Global M&A rises 41% in early 2026 as acquirers balance megadeals and AI integration

Global M&A value rose 41% to $2.4 trillion in early 2026, driven by megadeals. Acquirers must now execute complex integrations while funding AI transformations.

Published on: Jun 30, 2026
Global M&A rises 41% in early 2026 as acquirers balance megadeals and AI integration
Global M&A value rose 41% year-over-year to $2.4 trillion in the first five months of 2026, putting the market on track for its second-highest year ever, according to Bain & Company's 2026 M&A Midyear Report. The surge, driven by a wave of megadeals and strategic transformations, is forcing acquirers to confront a new winner's paradox: managing complex integrations while simultaneously executing AI transformation programs. "The great M&A rebound of 2025 was no one-off blip, and the strategic logic driving it has only intensified," said Suzanne Kumar, executive vice president of Bain's global M&A practice. "Companies are pursuing bold deals to secure the scale and capability they need for a fast-changing world. The new challenge is that the AI boom fueling many of these deals, well beyond the confines of the technology sector, is also creating a paradox: it has rarely been harder to get large, complex transactions right, yet they represent the single biggest opportunity if you do."

Megadeals and strategic transformations lead the charge

Deals worth more than $10 billion grew 52% in number and 53% in value year-over-year. Their funding mix shifted to a historical high of 35% stock-plus-cash, pushing all-cash deal value to a cyclical low of 55%. Overall, strategic M&A value rose 36% through May, with valuations holding flat at a median 11.6 times enterprise value/EBITDA. Every strategic sector expanded, but energy and natural resources, industrials, and healthcare and life sciences contributed the most absolute deal value. Venture capital deal value surged 206%, propelled by OpenAI's $122 billion funding round and a 36% increase in deal count. Financial sponsors, by contrast, started slower, with deal value down 9%.

Europe becomes a global M&A hot spot

Megadeals drove a 77% year-over-year gain across Europe, the Middle East, and Africa through May 31. Bain highlighted domestic consolidation, regional scale, and global reach as three themes. Orange, Bouygues, and Iliad's $24 billion offer for Altice France represented domestic consolidation. Italy's UniCredit revived its approach to Germany's Commerzbank to build regional scale. And Finland's Kone launched a $34.4 billion bid for Germany's TK Elevator, combining TK's US exposure with Kone's Asia-Pacific strength to create a leading global player.

AI's reach extends far beyond the tech sector

The proposed $119 billion merger of US utilities NextEra Energy and Dominion Energy shows how AI is reshaping M&A outside of technology. The companies pointed to explosive growth in energy-hungry data centers, arguing that their combined scale would accelerate power generation needed to meet surging large-load demand. For CFOs and corporate leaders, the difficulty is clear: how to support an AI transformation alongside a massive integration-and how to afford not to try. Bain's analysis concludes that winning companies need a multi-year capital plan that links strategy directly to capital spending, encompassing both an M&A-enabled growth agenda and investments in AI-enabled workflow redesign and workforce modernization. This challenge sits at the core of AI for Executives & Strategy. Integration timelines add pressure: deals above $10 billion take roughly seven months from announcement to close, then another 24 to 36 months to realize the bulk of annual cost savings.
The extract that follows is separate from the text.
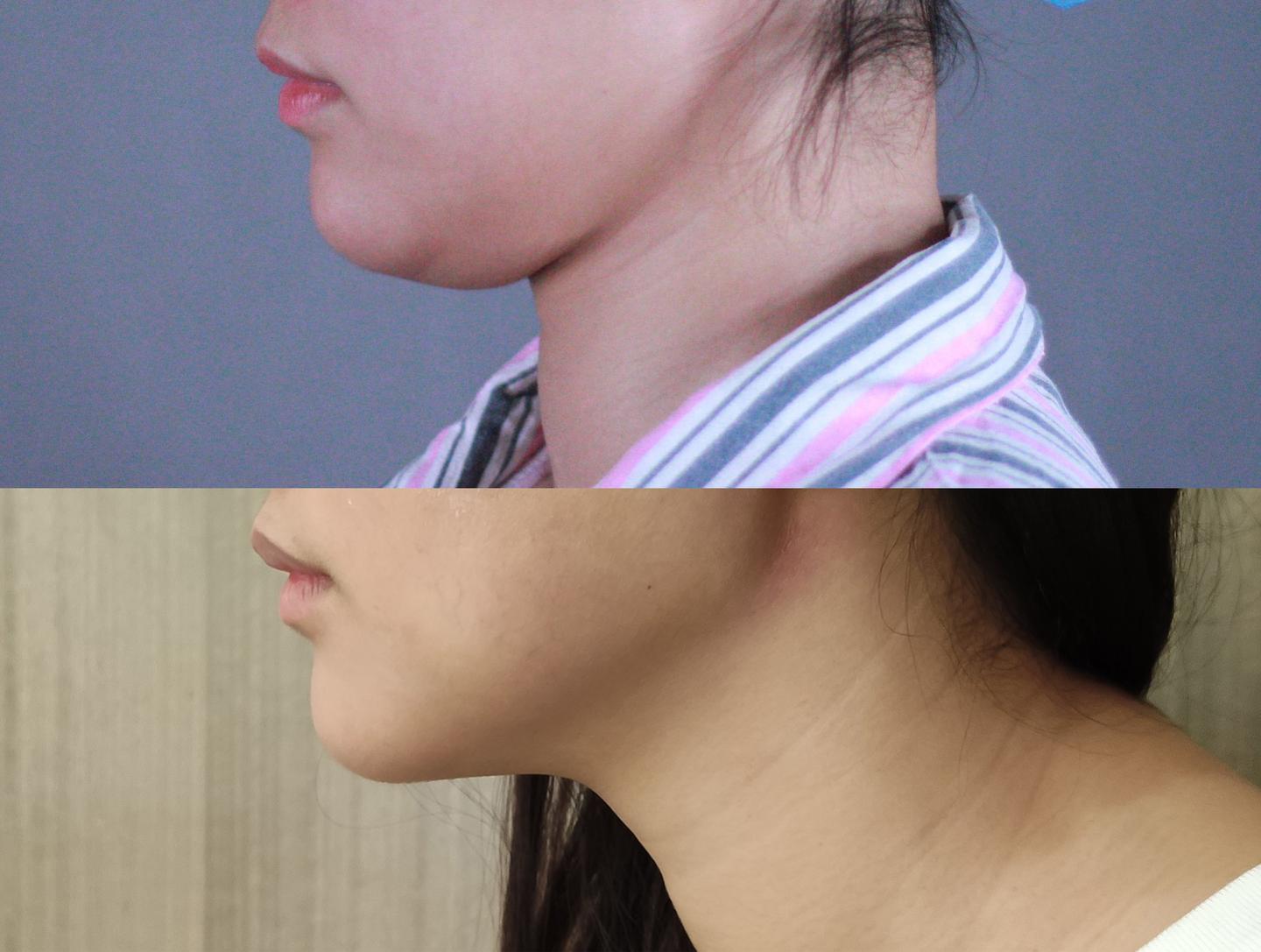 黄金微雕去双下巴效果如何是永久的吗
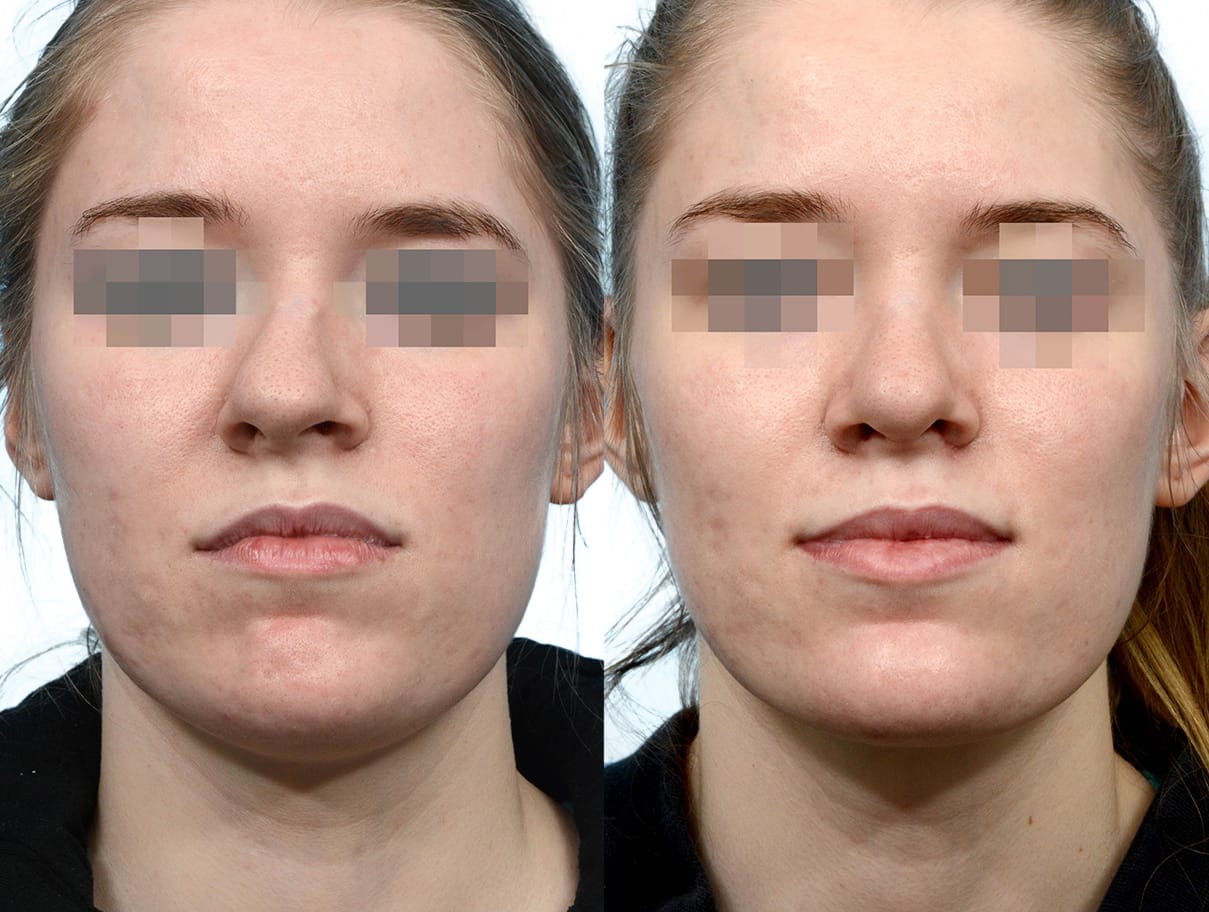 Rhinoplasty Before & After Gallery - Patient 101879 - Image 3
The report urges companies to treat integration as the unlocking moment to advance AI ambitions through process redesign and modernization. Leading programs are already using AI to pinpoint and verify cost-saving opportunities two to three times faster than traditional outside-in diligence, with more ambitious targets-a shift that redefines AI for Management. "Integration has always carried both peril and promise, but the AI overlay is raising the stakes on both sides," Kumar said. "The companies that win will treat a transaction the moment to accelerate their AI ambitions."

Why this matters for Executives and Strategy

Waiting isn't an option. Neither the right strategic deal nor an AI transformation can be postponed in the current environment. Bain's report poses six questions that corporate leaders should pressure-test against any significant deal:
  • Do we have a clear view of how AI impacts the deal thesis?
  • Where can AI provide a faster, no-regrets path to more M&A value creation?
  • Where can planning for AI today give us more options in the long run?
  • How should we use this transaction as an unlocking moment for broader transformation?
  • Are our leaders prepared to support our people through this disruption?
  • How should the way we manage integration programs evolve?
Answering these questions separates companies that synchronize integrations and AI transformations from those still playing by yesterday's rules for deals. For executives, the message is sharp: treat the next major transaction not just as a scale play, but as the fastest route to hardwire AI into the business.